Bugün, bu yazıyı yazdığım saatlerde ilerleyen Halep kuşatması, Abdülkadir Salih’in düşünü hayata geçirecek ilk adım olur mu, olabilir mi, bunu göreceğiz. Zemin de, şartlar da son derece müsait görünüyor. Ancak bu seferde olmasa bile tarihin bize öğrettiği şudur: Azınlık iktidarına dayalı, emperyalist yavşakların ikame gücünü kendi gücü zanneden her iktidar tarihin çöp kutusuna, cehennemin dibine yollanmıştır, yollanacaktır. Beşşar’ın başına gelecek olan da budur.
İki de notum var yazıyı bitirmeden.
Birincisi Safevi Şia’sının emperyalist hedeflerine ve doğrudan mezhep gayretiyle Suriye’deki Nusayri cuntaya akıl almaz şekilde sahip çıkıp her türlü enformasyonu kirleten etki ajanlarının bu denli rahat hareket edebildikleri bir ülke olmamalı Türkiye. Yetkililer uyumamalı çünkü bu sümüklüler uyumuyor. Türkiye’ye de, Suriye’deki kardeşlerimize de her türlü kötülüğü planlayıp hayata geçiriyorlar. Gereğini yapmak için neyi beklediğinizi bir türlü anlamıyoruz. Haberiniz olsun.

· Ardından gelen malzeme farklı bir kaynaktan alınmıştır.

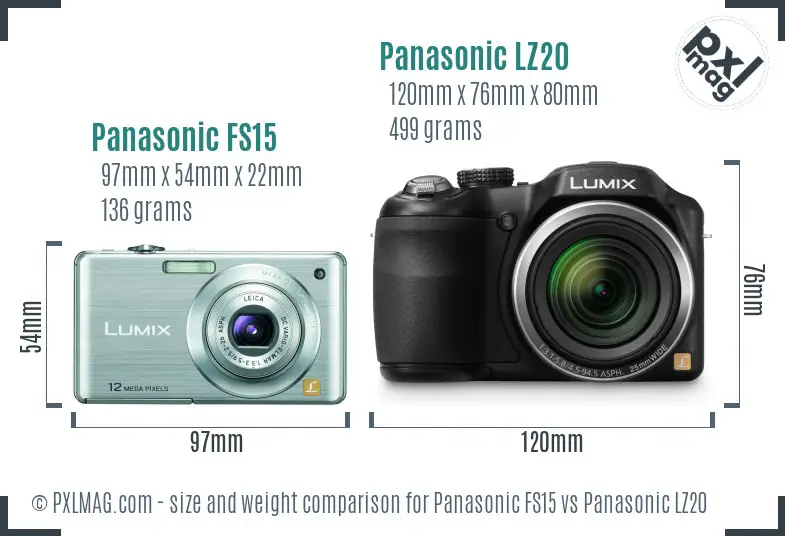 Panasonic FS15 vs Panasonic LZ20 size comparison Panasonic FS15 vs Panasonic LZ20 size comparison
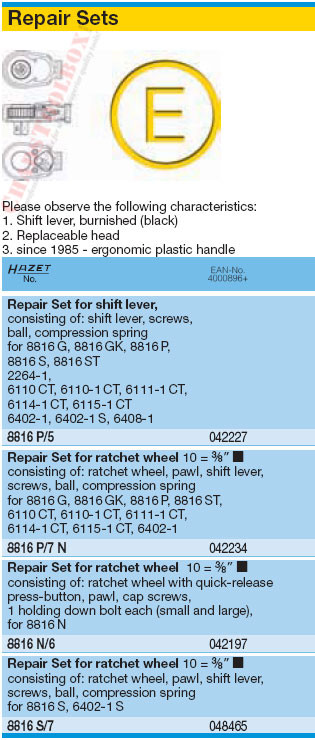 HAZET 8816P/7N REPAIR SET - ChadsToolbox.com Inc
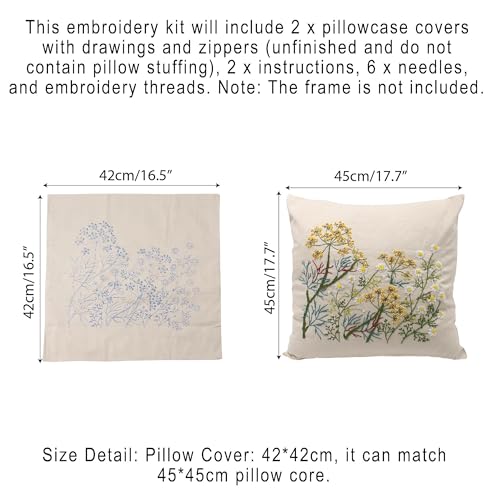 Image of 2 Set of Embroidery Pillow Kit Including Pillowcase Cover Cushion Case with Large Drawings and Zipper, Threads, Needles & Instruction Kits for Lace Crewel Craft, No Pillow Core (Lavender)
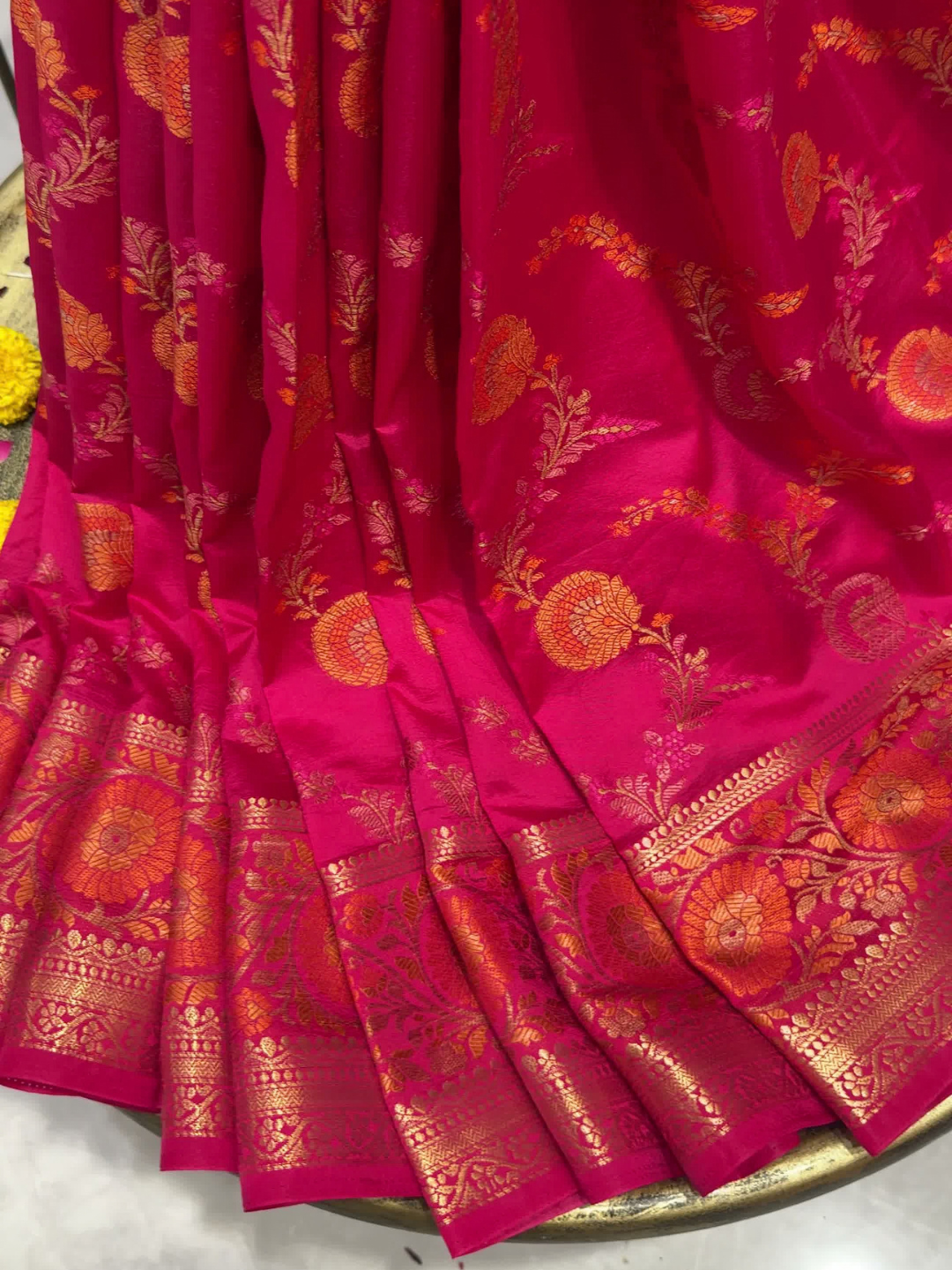 Banarasi Silk Saree with Zari Floral Circular Motifs and Tassel Border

İkincisi de şu: Mustafa Kemal’in Halep’i, Musul’u, Kerkük’ü emperyalistlere bırakıp bırakmadığı meselesi bu fetih harekâtıyla birlikte yine “leş gibi tartışma zemini” oluşturdu. Bu tartışmayla vakit kaybetmenin anlamı yok. Şimdi ve şu anda Halep için, Kerkük için, Musul için ne yapabiliyoruz, ona bakmak lazım. Kaldı ki tarihte olan herhangi bir olayı o tarihin şartları içerisinde değerlendirmek yerine bugün olan bitene meze etmenin de bize pek yararı yok. Bırakalım da -eğer kaldılarsa- memleketin namuslu tarihçileri bu meseleleri bilimsel olarak ortaya koysun. Olmaz mı?